Prior to that contract, most of the nation’s VA medical centers lacked “last-resort” communications systems that could be used in the event the facilities experienced power outages or infrastructure damage as a result of an emergency or disaster. By early 2020, OIG said, the contractor was “required to furnish, install, test and certify a fully functional RHFRN at approximately 200 VHA facilities nationwide and provide training for VA staff.”

OIG’s audit, however, noted that VHA’s Office of Emergency Management—or OEM—reported that there were only 184 VA medical facilities with a RHFRN. Of this total, OIG’s audit team randomly sampled a selection of sites to “determine the equipment’s operational status using the contract definition,” and ascertain “whether these facilities have trained staff capable of operating the equipment in the event of an emergency.”

“The OIG found 17 of the 21 sampled sites could not contact another VA facility via high-frequency radio on the day of the OIG virtual site visit,” the report said. “Based on its sample, the audit team estimated that approximately 150 of 184 of the RHFRN sites throughout the nation (82%) were not fully operational.”

The audit’s findings came after a July 2021 survey of VA facilities with RHFRN radios conducted by OEM and the department’s Office of Information and Technology identified roughly 60% of the sites as operational—although Thursday’s report noted that “there were a total of 169 responses to the survey.” OIG said that, after its “statistical sample of RHFRN sites,” its audit team “found that VA’s data overstated the degree to which the network was operational.”

OIG’s report also noted that, as of October 2022, OEM “reported that approximately 145 of the 184 sites (79%) have not made any successful communication since January 1, 2022.”

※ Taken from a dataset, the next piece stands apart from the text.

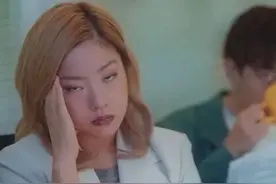 苦情大妈和小鲜肉演情侣，笑死！也太辣眼睛了图片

The audit blamed “inadequate acceptance, installation, training, oversight and system support” across OEM and “at multiple levels of VHA” for contributing to usability issues with the RHFRN. 

“As of March 2022, OEM had not finalized the VHA high-frequency radio operations plan, and there is no evidence that OEM distributed templates to facility directors as required by VHA Directive 0320.09,” the audit said. “This potentially had a cascading effect, as medical center directors from at least 15 sites could not fulfill their responsibility under the same directive to develop facility-specific high-frequency radio standard operating procedures using OEM-supplied templates.”

In addition, OIG said that OEM “did not adequately oversee the acceptance and installation of the RHFRN.” The audit team found, for instance, that “OEM and site personnel did not adequately oversee the installation of the radio systems,” that employees did not appropriately oversee testing to verify system operability and that OEM “did not sufficiently monitor the training that the contractor provided to radio operators at each site.” OIG’s audit team also noted that it found no evidence that the contractor conducted a survey “assessing the effectiveness of the training,” despite it being stipulated in the contract. 

Additionally, OIG noted that “after spending over $8.5 million, VA is considering a second contract to assess, repair, complete and maintain the RHFRN.” 

“Until this system is fully operational, VHA will continue to remain vulnerable to national or local emergencies that impair normal communication methods, placing employees, veterans and others in unnecessary danger,” the audit warned.

OIG issued six recommendations, including that “VA medical facilities maintain enough trained staff to operate the network; VHA clarify the program office responsible for the network and finalize the operations plan; and OEM outline requirements for acceptance if additional equipment is purchased, issue guidance about where radios should be installed and monitored and ensure sites can obtain repairs for network equipment.”

OEM and VA officials concurred with OIG’s recommendations.